Segundo a PF, o esquema teria movimentado cerca de R$ 6 bilhões. O ouro contrabandeado em terras indígenas da Venezuela, entrava no Brasil clandestinamente e seguia para o Amazonas e Roraima. Transportadoras contratadas escondiam o ouro ilegal no interior de caminhões sem os procedimentos necessários e pagamento de tributos.
Posteriormente, o minério era comprado por outros integrantes do esquema e enviado para empresas atuantes no ramo de exploração de minério aurífero, responsáveis por concretizar o pagamento aos supermercados e às distribuidoras de alimentos.

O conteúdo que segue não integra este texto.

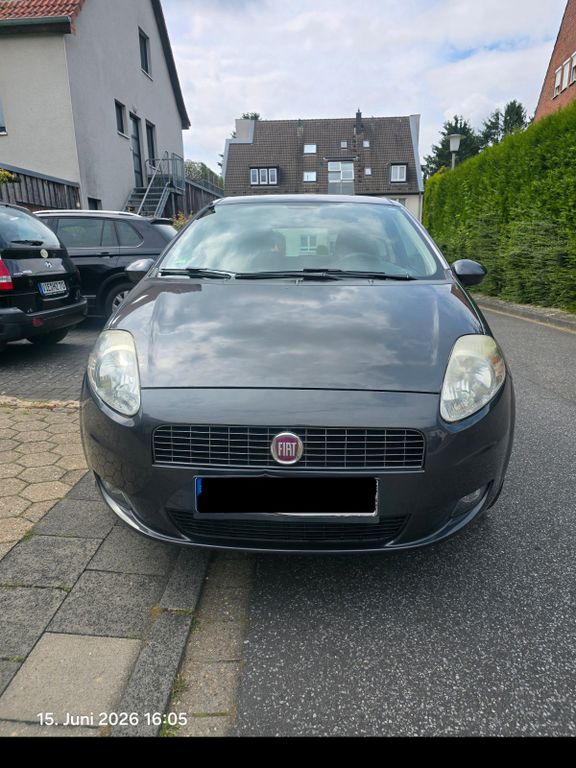 Bild des Angebotes Fiat Punto 1.4 8V Active Active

Segundo o inquérito, os principais investigados desse esquema também teriam envolvimento com a exploração clandestina do minério em Terras Indígenas Yanomami, e em garimpos espalhados no Amazonas, Roraima e outros estados do Brasil.
Neste caso, os supermercados não só recebiam ouro ilegal, como também enviavam o minério clandestino do Amazonas para a Europa.
Além dos mandados de buscas e prisão, a Justiça também determinou a indisponibilidade de ativos financeiros, veículos e aeronaves dos investigados.
São cumpridos 2 mandados de prisão preventiva e 40 de busca e apreensão nos estados de Roraima, Amazonas, Goiás e Distrito Federal, expedidos pela 4ª Vara Federal da Seção Judiciária de Boa Vista-RR.